### What is expected
From the line that contains "Pull femme à" to the last line of the data below, transcribe every line exactly. Do not include the pictures.

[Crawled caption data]
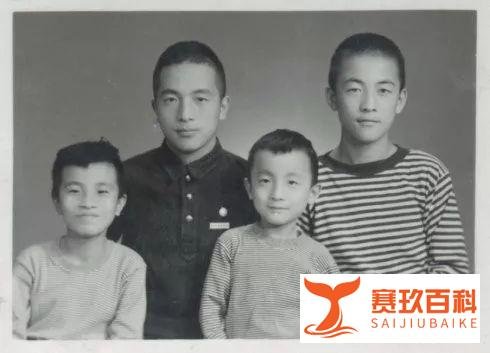 乐那多的爸爸叫耿乐，耿乐的爷爷是张仃，三个人，三个姓，这唱的又是哪一出？
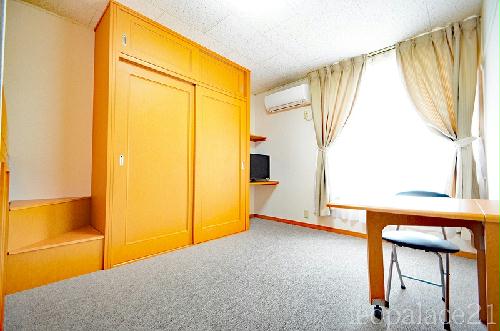 居室・リビング　2Ｆのお部屋はカーペット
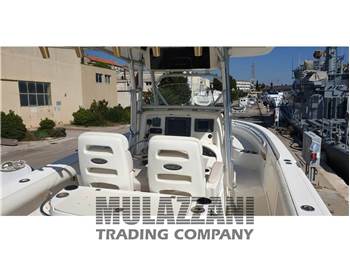 Boston Whaler OUTRAGE 320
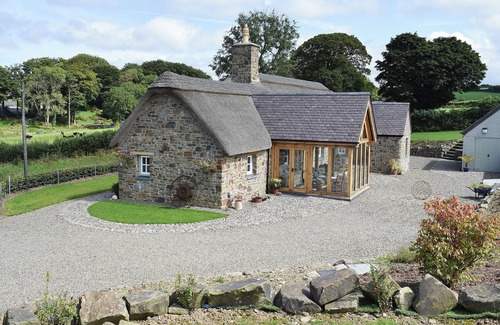 Llanfihangel-Ystrad Cottage | 2 bedroom accommodation in Dihewyd, near Aberaeron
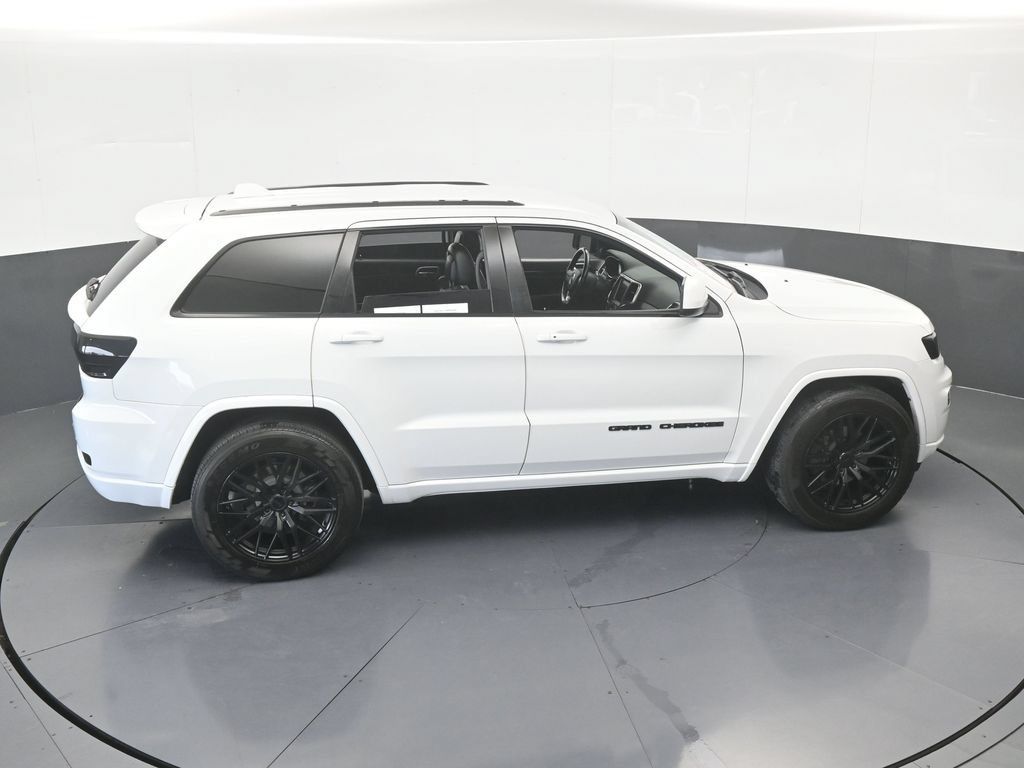 Used 2018 Jeep Grand Cherokee Altitude RWD image 50
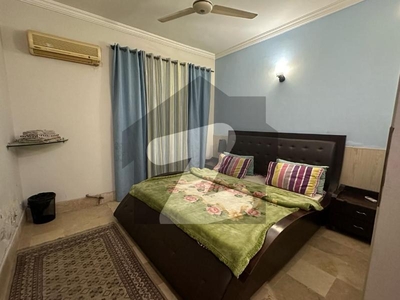 F-11 Three Bed Fully Furnished Flat For Rent F-11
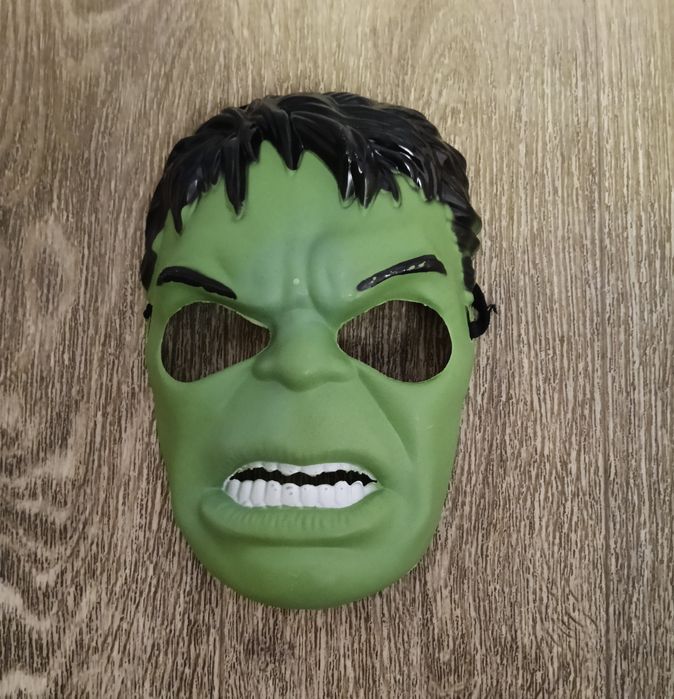 Маска   Халк б/у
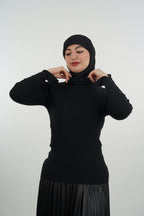 Pull femme à col montant et boutons aux poignets — Blanc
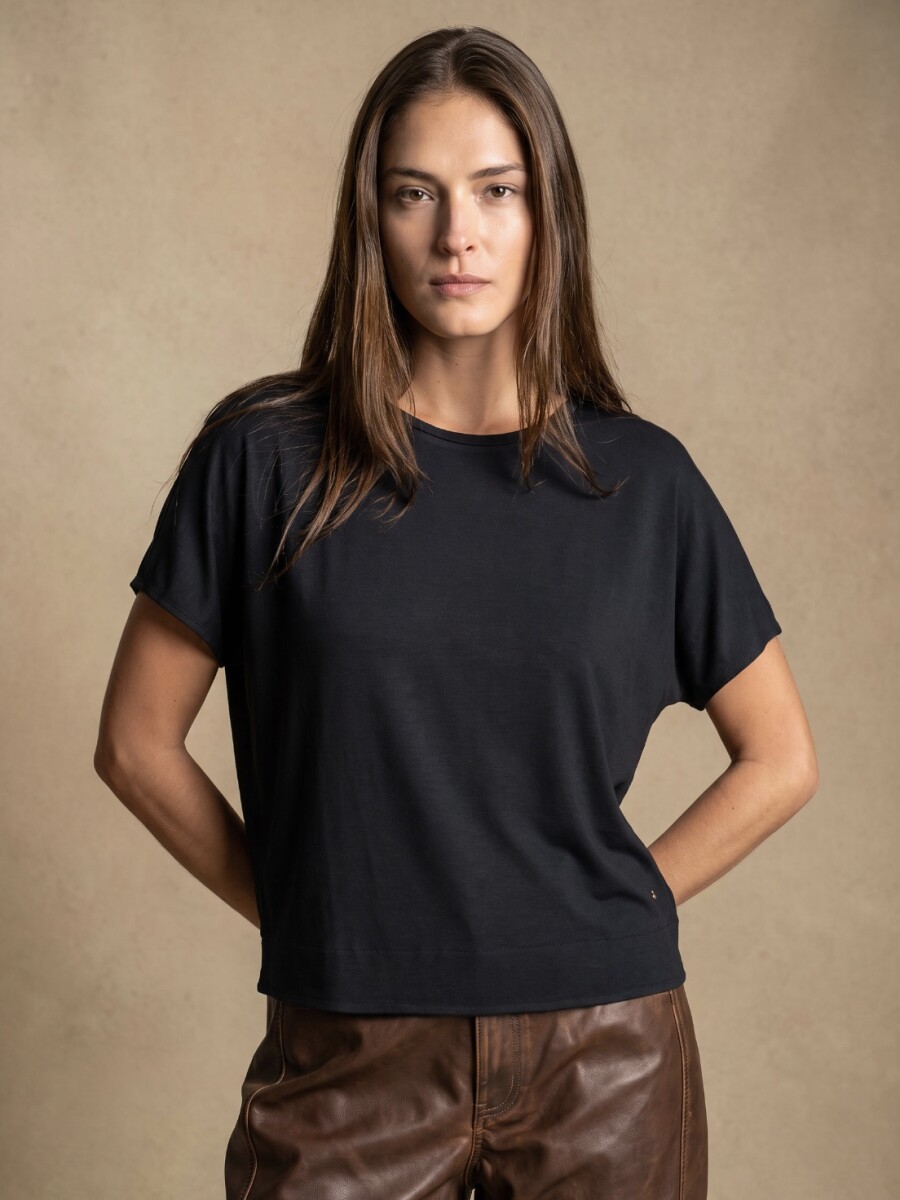 Remera - Negro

### Exercise result
 Pull femme à col montant et boutons aux poignets — Blanc
 Remera - Negro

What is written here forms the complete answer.